PROVIDED DATA -
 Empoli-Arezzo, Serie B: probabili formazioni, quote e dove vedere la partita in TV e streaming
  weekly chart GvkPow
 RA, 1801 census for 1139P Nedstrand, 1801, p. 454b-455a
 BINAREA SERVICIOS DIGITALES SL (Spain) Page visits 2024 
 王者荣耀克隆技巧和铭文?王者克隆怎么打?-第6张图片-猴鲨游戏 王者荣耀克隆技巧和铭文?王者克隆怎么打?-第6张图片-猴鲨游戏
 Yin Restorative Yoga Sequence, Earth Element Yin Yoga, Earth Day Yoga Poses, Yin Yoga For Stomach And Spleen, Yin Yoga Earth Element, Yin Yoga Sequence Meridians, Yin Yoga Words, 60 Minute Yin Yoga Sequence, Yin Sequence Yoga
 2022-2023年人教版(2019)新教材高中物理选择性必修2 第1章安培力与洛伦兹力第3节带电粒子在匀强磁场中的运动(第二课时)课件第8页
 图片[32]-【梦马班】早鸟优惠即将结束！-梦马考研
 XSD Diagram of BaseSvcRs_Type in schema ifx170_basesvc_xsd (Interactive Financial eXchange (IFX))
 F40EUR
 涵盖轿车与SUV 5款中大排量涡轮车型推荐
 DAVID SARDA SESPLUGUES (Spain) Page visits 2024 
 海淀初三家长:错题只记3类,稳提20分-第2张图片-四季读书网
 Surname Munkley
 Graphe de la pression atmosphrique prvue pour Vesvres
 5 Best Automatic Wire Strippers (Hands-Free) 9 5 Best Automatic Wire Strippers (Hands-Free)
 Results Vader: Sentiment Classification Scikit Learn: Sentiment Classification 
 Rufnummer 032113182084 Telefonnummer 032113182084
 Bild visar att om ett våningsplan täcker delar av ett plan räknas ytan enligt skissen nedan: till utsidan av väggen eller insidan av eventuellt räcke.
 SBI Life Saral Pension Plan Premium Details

TASK GOAL -
Exactly as it stands, output the whole listing.

EXERCISE ANSWER -
 Empoli-Arezzo, Serie B: probabili formazioni, quote e dove vedere la partita in TV e streaming
  weekly chart GvkPow
 RA, 1801 census for 1139P Nedstrand, 1801, p. 454b-455a
 BINAREA SERVICIOS DIGITALES SL (Spain) Page visits 2024 
 王者荣耀克隆技巧和铭文?王者克隆怎么打?-第6张图片-猴鲨游戏 王者荣耀克隆技巧和铭文?王者克隆怎么打?-第6张图片-猴鲨游戏
 Yin Restorative Yoga Sequence, Earth Element Yin Yoga, Earth Day Yoga Poses, Yin Yoga For Stomach And Spleen, Yin Yoga Earth Element, Yin Yoga Sequence Meridians, Yin Yoga Words, 60 Minute Yin Yoga Sequence, Yin Sequence Yoga
 2022-2023年人教版(2019)新教材高中物理选择性必修2 第1章安培力与洛伦兹力第3节带电粒子在匀强磁场中的运动(第二课时)课件第8页
 图片[32]-【梦马班】早鸟优惠即将结束！-梦马考研
 XSD Diagram of BaseSvcRs_Type in schema ifx170_basesvc_xsd (Interactive Financial eXchange (IFX))
 F40EUR
 涵盖轿车与SUV 5款中大排量涡轮车型推荐
 DAVID SARDA SESPLUGUES (Spain) Page visits 2024 
 海淀初三家长:错题只记3类,稳提20分-第2张图片-四季读书网
 Surname Munkley
 Graphe de la pression atmosphrique prvue pour Vesvres
 5 Best Automatic Wire Strippers (Hands-Free) 9 5 Best Automatic Wire Strippers (Hands-Free)
 Results Vader: Sentiment Classification Scikit Learn: Sentiment Classification 
 Rufnummer 032113182084 Telefonnummer 032113182084
 Bild visar att om ett våningsplan täcker delar av ett plan räknas ytan enligt skissen nedan: till utsidan av väggen eller insidan av eventuellt räcke.
 SBI Life Saral Pension Plan Premium Details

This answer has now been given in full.